Dataset excerpt:
=== Begin Enclosure ===

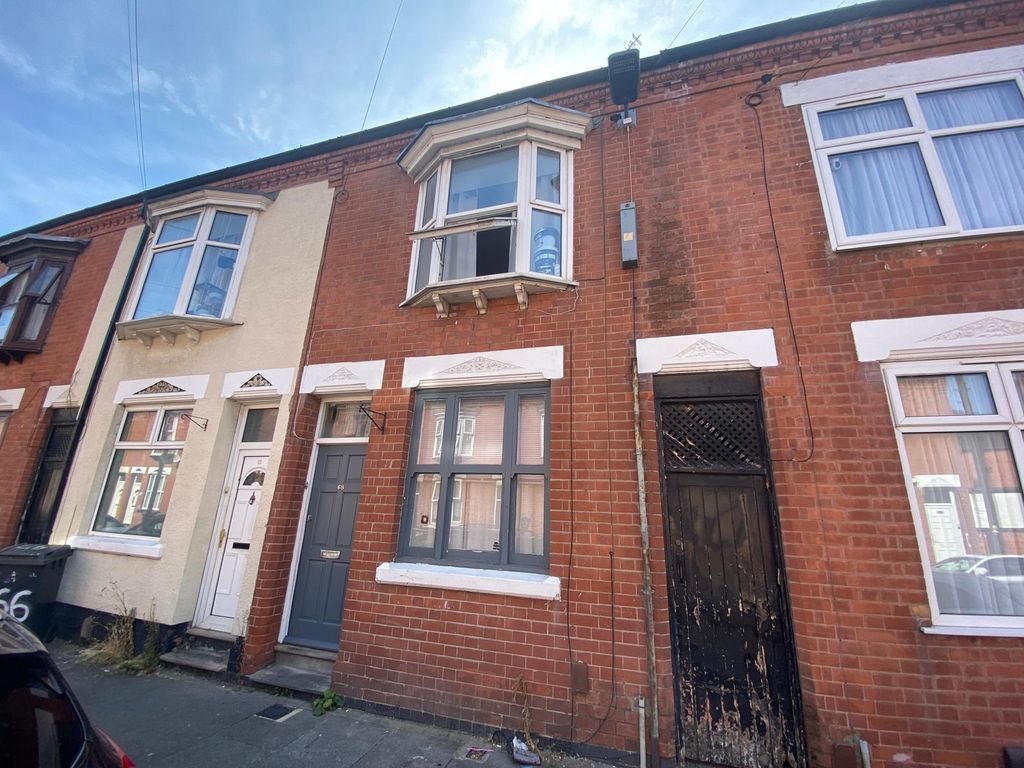 Property photo 1 of 11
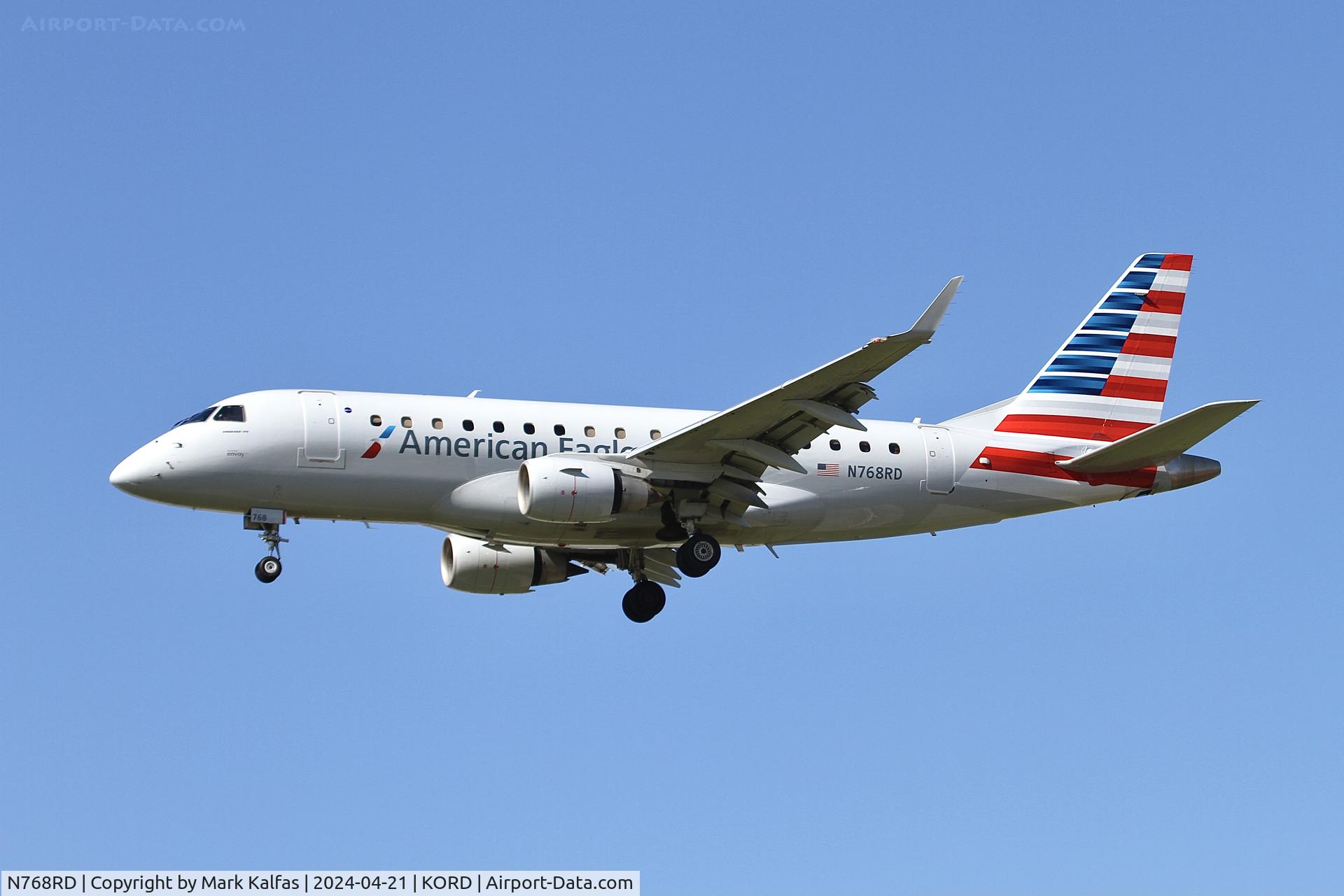 N768RD, 2008 Embraer 170LR (ERJ-170-100LR) C/N 17000230, E170 Envoy/ American Eagle EMBRAER ERJ 170-100 LR N768RD arriving on 28C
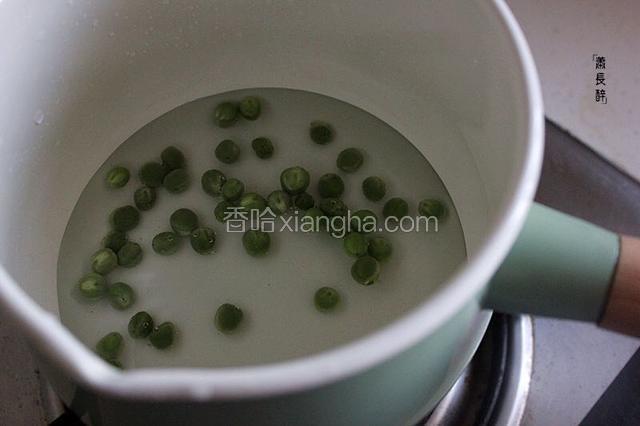 豌豆冷水入锅煮约15分钟，煮熟煮透。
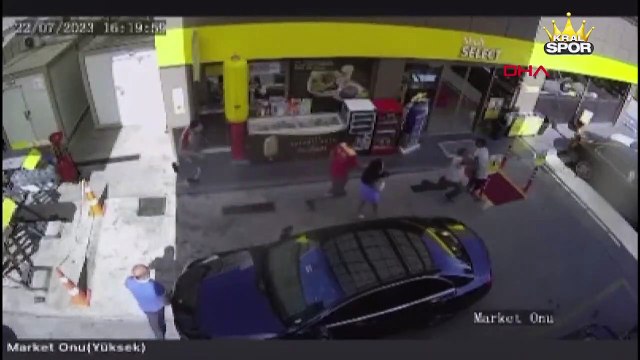 Beşiktaşlı futbolcu Emrecan Uzunhan'ın saldırıya uğradığı anlar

=== End Enclosure ===

Description of the task:
Exactly as written, restate the listing above with its pictures omitted.

Response to the exercise:
 Property photo 1 of 11
 N768RD, 2008 Embraer 170LR (ERJ-170-100LR) C/N 17000230, E170 Envoy/ American Eagle EMBRAER ERJ 170-100 LR N768RD arriving on 28C
 豌豆冷水入锅煮约15分钟，煮熟煮透。
 Beşiktaşlı futbolcu Emrecan Uzunhan'ın saldırıya uğradığı anlar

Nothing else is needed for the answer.